I think films are interesting because you go, you spend six weeks or three months on something and you put it out. If it works, it works. If it doesn’t, it doesn’t. It’s a kind of democracy or meritocracy story.

I suppose it’s more rewarding to do well if you’ve done something less predictable, or by the book.

Yeah, I think so. I’m always trying to chuck ideas in, and I suppose the longer I’ve been in the business, I’ve earned more trust with, with directors or producers or actors, to be able to throw ideas in and be part of the creative discussion more broadly. I think when I started doing the writing, I realised how much as an actor, sometimes you have to just understand what your function is within a project. You can’t always come in and be like: “Hey, I’ve got these amazing ideas. I was thinking I’d come in on horseback and then I’d kick that guy and then we kick off the scene.”

In terms of experiences on set, I’ve been really lucky. Just the last few years, some work with some great directors, Otto Bathurst and my buddy, Aniel Karia on The Gold, really creative people working in TV.

I suppose the role that was closest to me being able to do whatever I wanted was Lovesick, really. We got to the point where I could see that they were writing stuff for us that they knew we would enjoy doing and knew we would enjoy delivering.

Is there anyone you look at and you think, I wouldn’t mind if the arc of my career was that person’s?

For me, it’s the character actors, I think. The names that sort of spring to mind are your kind of Bill Nighy and Toby Joneses. Those guys have such a breadth of what they can do. I’m sure Bill Nighy’s been on stage in the last 10 years at some point, and I’m sure Toby Jones has as well. But they can dip into big movie roles; I don’t feel like they’re confined by heading up a huge franchise, which comes with lots of benefits, but obviously then you’re a sort of ambassador for those projects and even those companies.

I think the, the freedom of being able to do huge films, tiny films, huge, huge roles, tiny roles – Bill Nighy, I feel like if you racked up the last 10 roles that he’s done, you might see crossover, but it’s not like he’s doing a thing. Those kinds of actors, I think, are probably the ones that I look up to.

You mentioned the stage – would you want to go back and do more stage stuff? You used to do quite a bit, didn’t you?

I did when I first started. I feel like stage is kind of what I do, like that’s the thing that I do best. I came right out of drama school, I did a few huge plays with huge directors and I was a small part of it. It was quite a weird experience in that way. I never quite had that foundation of doing, you know, plays above a pub or in a black box theater. I think that’s much more where I imagined I would start out and earn my stripes.

I would love to, but there’s such like craft to it. It’s probably 10 years now since I’ve done a play – I would love to do it, but I wouldn’t want to be so bold as to say I’d be able to just stride in after 10 years, and wouldn’t be rusty.

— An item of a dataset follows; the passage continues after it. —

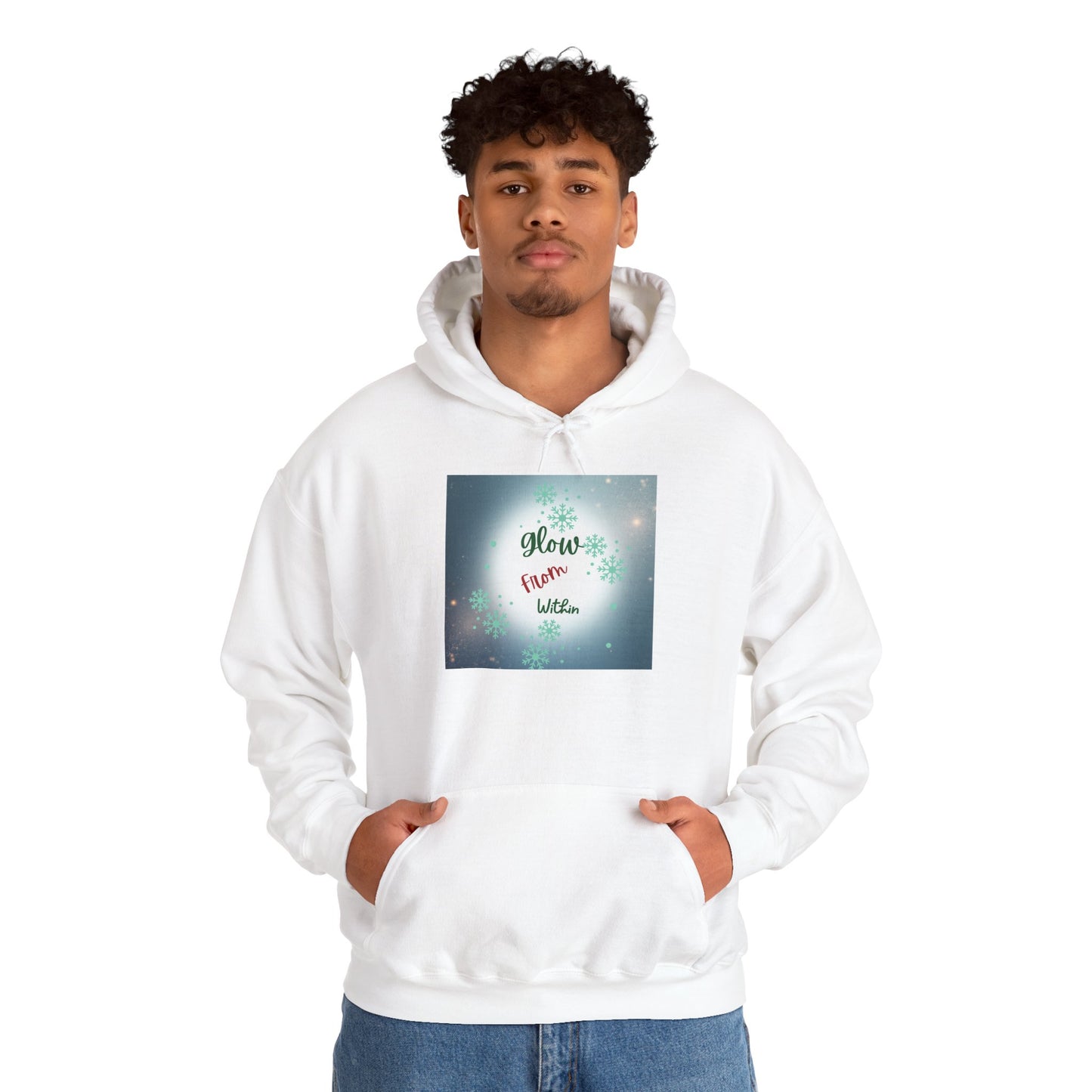 Hoodie — 'Glow From Within' Inspirational Galaxy Graphic Sweatshirt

I would like to find out. A sort of knotty, two or three hander would be fun, I think.

I guess I’m just enjoying where I’m at at this point in my career, that feels like I’ve built some confidence with discipline, of working on a set, and the long days and the multiple takes, and figuring out camera technique and all of that stuff where you can kind of be hamstrung early doors, particularly if you’re like me, I only knew how to do stage acting.

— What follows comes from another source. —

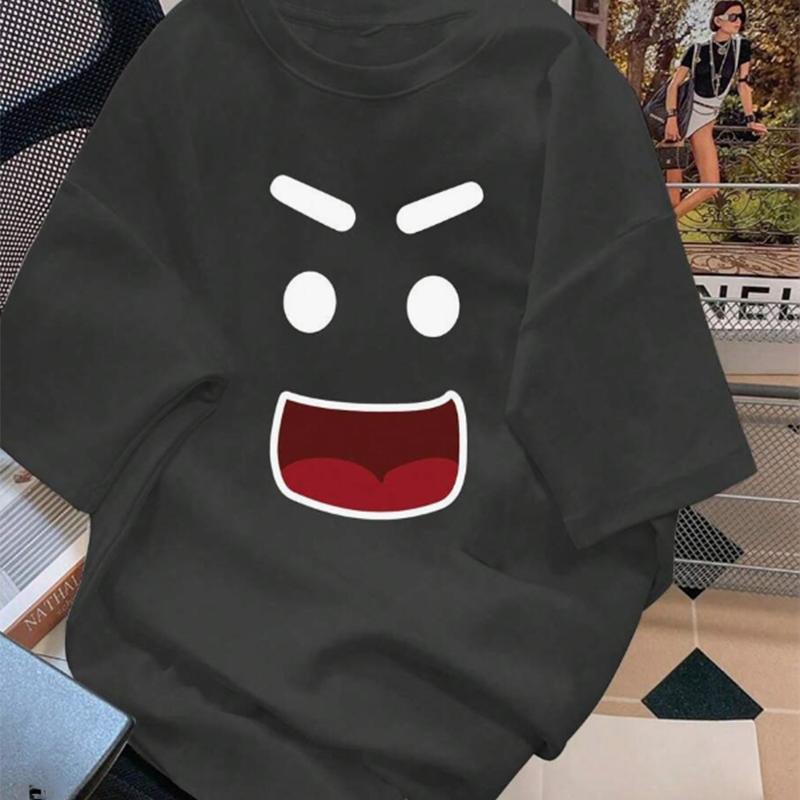 New Summer Men's Fashion T-shirt Cartoon Smiley Face Printed Men's T-shirt Top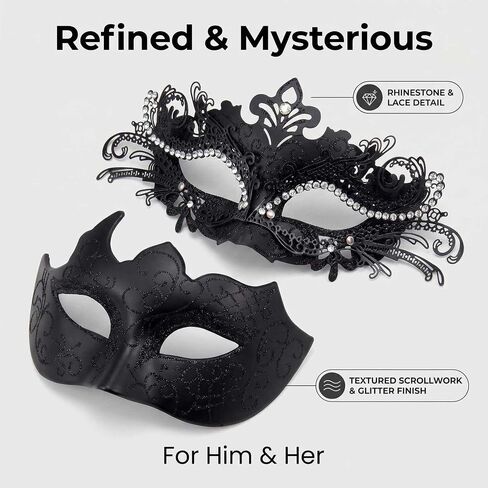Couples Masquerade Mask Set for Men Women, Venetian Ball Party Masks, Costume Face Mask for Halloween, Mardi Gras in Saudi Arabia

I’m enjoying being at a point where I do find it fun. Trying not to overthink things too much and just follow the characters and the stories that I feel like I can bring something to. Again, that thing of trying to become an amateur writer, sometimes I’ll get sent a script and think if I was making this, I wouldn’t cast me in it. I’m enjoying casting myself in roles and thinking they should hire me for this, and then looking at others and going they should get a much better actor for this.